US Treasury Secretary Henry Paulson (R) is briefed on advancing desert sand dunes caused by overgrazing and topsoil erosion at Qinghai Lake in western China July 30,

2007.

 

US Treasury Secretary Henry Paulson visits Qinghai Lake in western China July 30, 2007.

 

Paulson, a longtime environmentalist who has chaired The Nature Conservancy, said he was impressed with a program funded by the Chinese central government to reclaim advancing desert areas near the lake by planting vegetation on sand dunes and former farmland.

 

Qinghai Lake in the northwest China's Qinghai Province was ranked at the top of the country's five most beautiful lakes in a national survey by the China National Geography magazine two years ago.

 

The lake is about 3,200 meters above sea level and spread across about 4,300 square km. Thawing glaciers and abundant rainfall have swollen the size of Qinghai Lake from 4,254 square km in July 2004 to its current size of 4,285 square km.

 

Paulson said Qinghai Lake and glaciers on the Qinghai-Tibet Plateau were important for global climate because shrinking of the lake and melting of the glaciers could permanently shift the jetstream, affecting the weather in other continents, too. Likewise, carbon emissions elsewhere could hasten the lake's demise.

 

He said engagement in environmental issues was important to US President George W. Bush, who wants to draw China into a coalition of the world's top carbon-emitting countries to formulate a plan for reducing greenhouse gas emissions.

 

"Paulson's visit to Qinghai helped him gain first-hand information and experience on some of the domestic problems and efforts that China is facing.

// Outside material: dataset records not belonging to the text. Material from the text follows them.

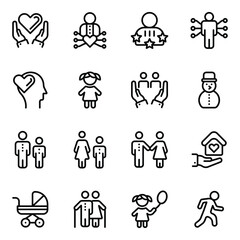 Fototapeta premium Set of Human Life Linear Icons 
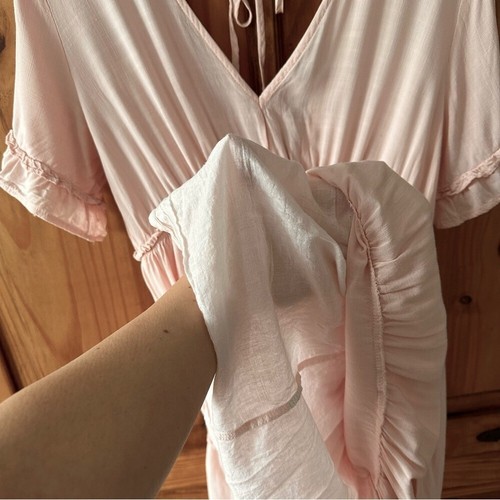 Pink Boho Tiered Peasant Dress Festival Coastal Cowgirl Sundress - photo 4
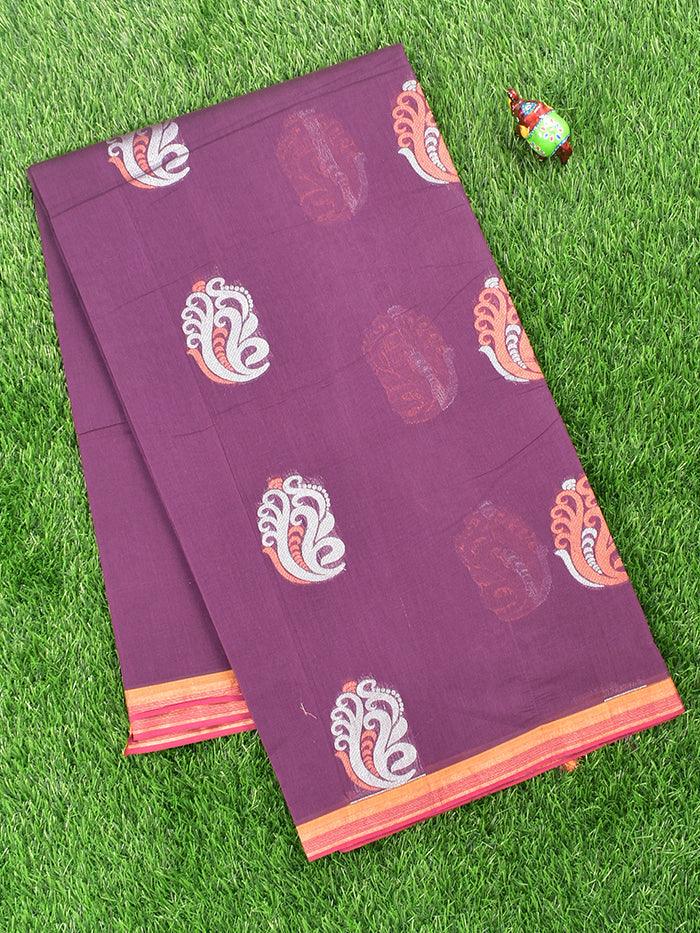 Deep Purple Viscose Satin Saree With Silver Zari Stripes and Pichwai P –  Shobitam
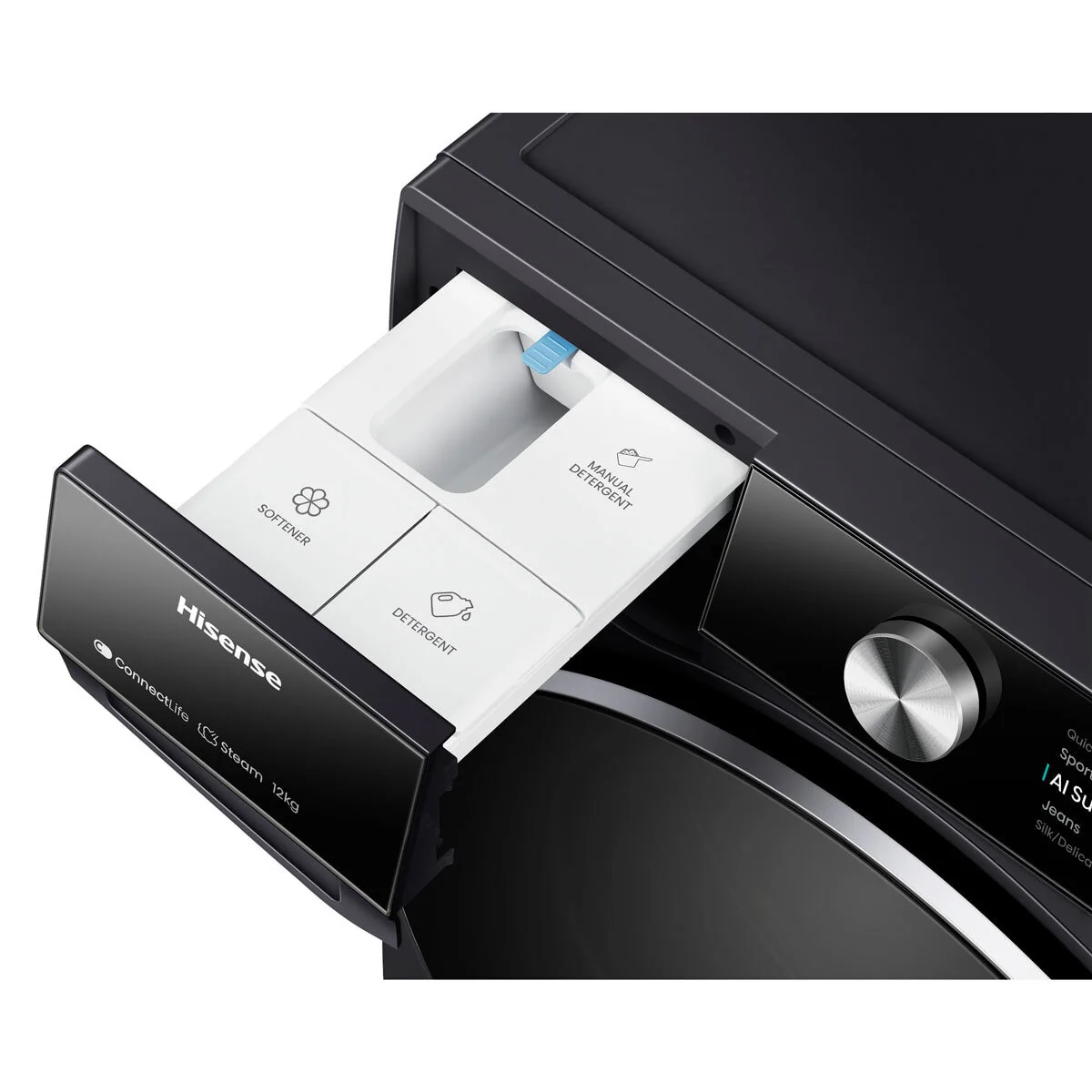 Hisense WF7S1247BB, 12kg, 1400rpm, Washing Machine A Rating in Black - Image 6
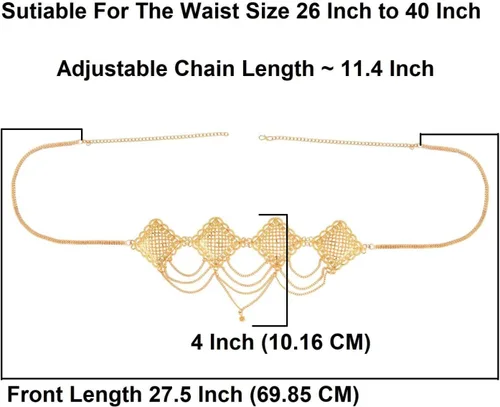 Miniatura 4 de Efulgenz Gold Tone Indian Jewelry for Women Dubai Style Kamarbandh Indian Gold Tone Big Flower Pendant Multilayer Chain with Leaf Kamarbandh Belly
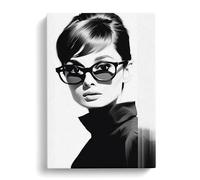 Audrey Hepburn Line Art Canvas Print | Gallery Wrapped 30mm Frame Wall Art | 30x20 inches | Ready to Hang | Minimalist Abstract Picture | Living Room Bedroom Lounge Office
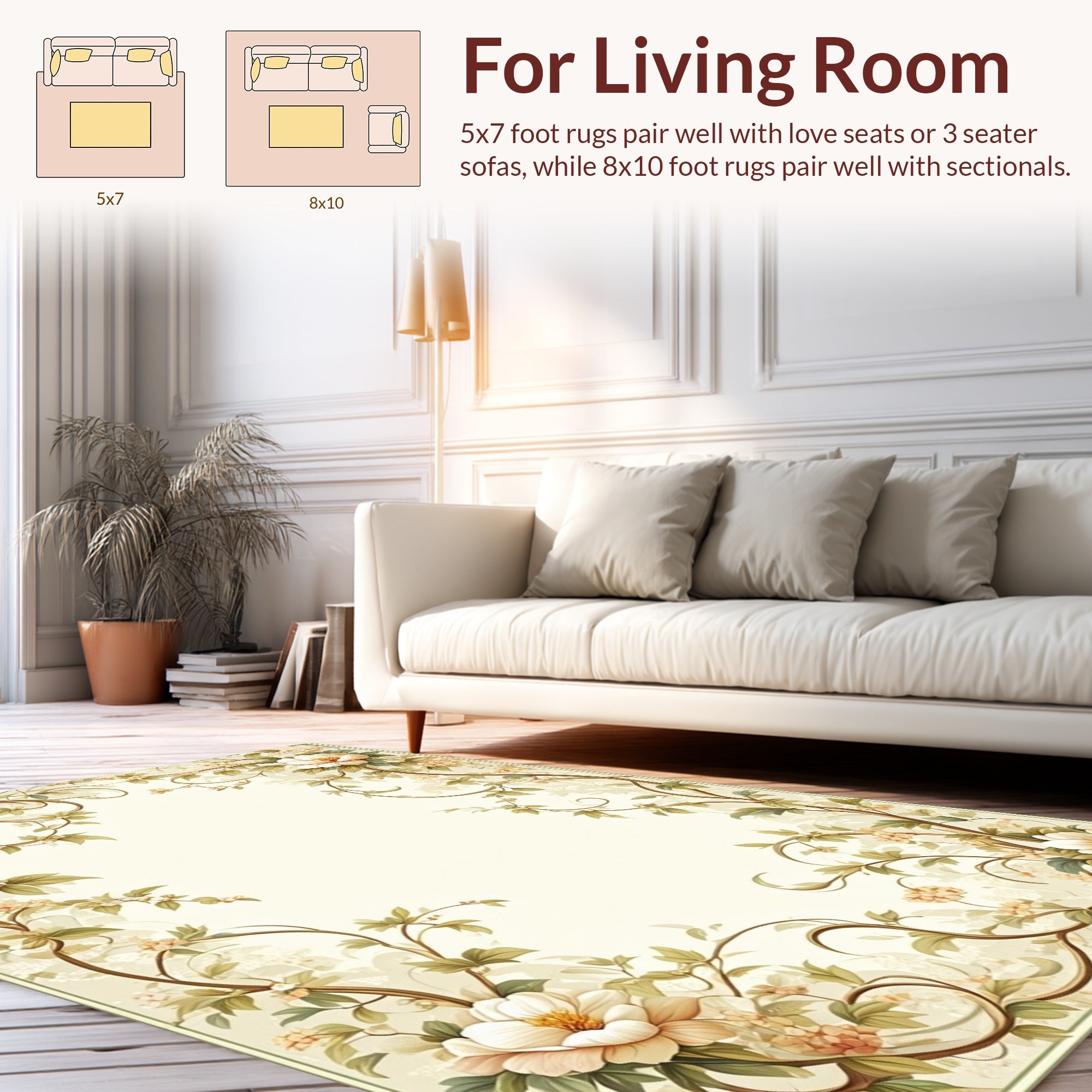 Ornate Floral Vine Inspired Pattern Rug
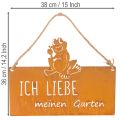 Schild aus Metall mit Frosch-Motiv und Gartenspruch in Edelrostoptik, 38cm | Floristik24.at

This will help the discussions during the Strategic Economic Dialogue, making it more relevant and practical," said Zhang Jianyu, program manager of the US-based Environmental Defense.

 

Paulson is scheduled to meet Vice-Premier Wu Yi and central bank Governor Zhou Xiaochuan today and President Hu Jintao on Wednesday.

 

He told reporters traveling with him that he would again press for faster revaluation of the yuan and other reforms, such as rebalancing China's economy away from exports and toward more domestic consumption and increasing foreign access to China's financial services sector.

 

Paulson's visit coincides with US lawmakers' efforts to advance legislation aimed at pressuring China to open its markets to raise the yuan's value.

 

Last week, the US Senate Finance Committee passed a bill that would allow companies to seek anti-dumping duties against products from countries that have "fundamentally misaligned" currencies, leading eventually to intervention by the Federal Reserve.

 

Paulson said he was concerned over the currency legislation. He preferred achieving currency and economic reform through bilateral and multilateral dialogue.

 

But he understood the motivation behind it and frustrations among Americans about trade imbalances.

 

"I don't want China to become an increasingly big political issue in the US," he said.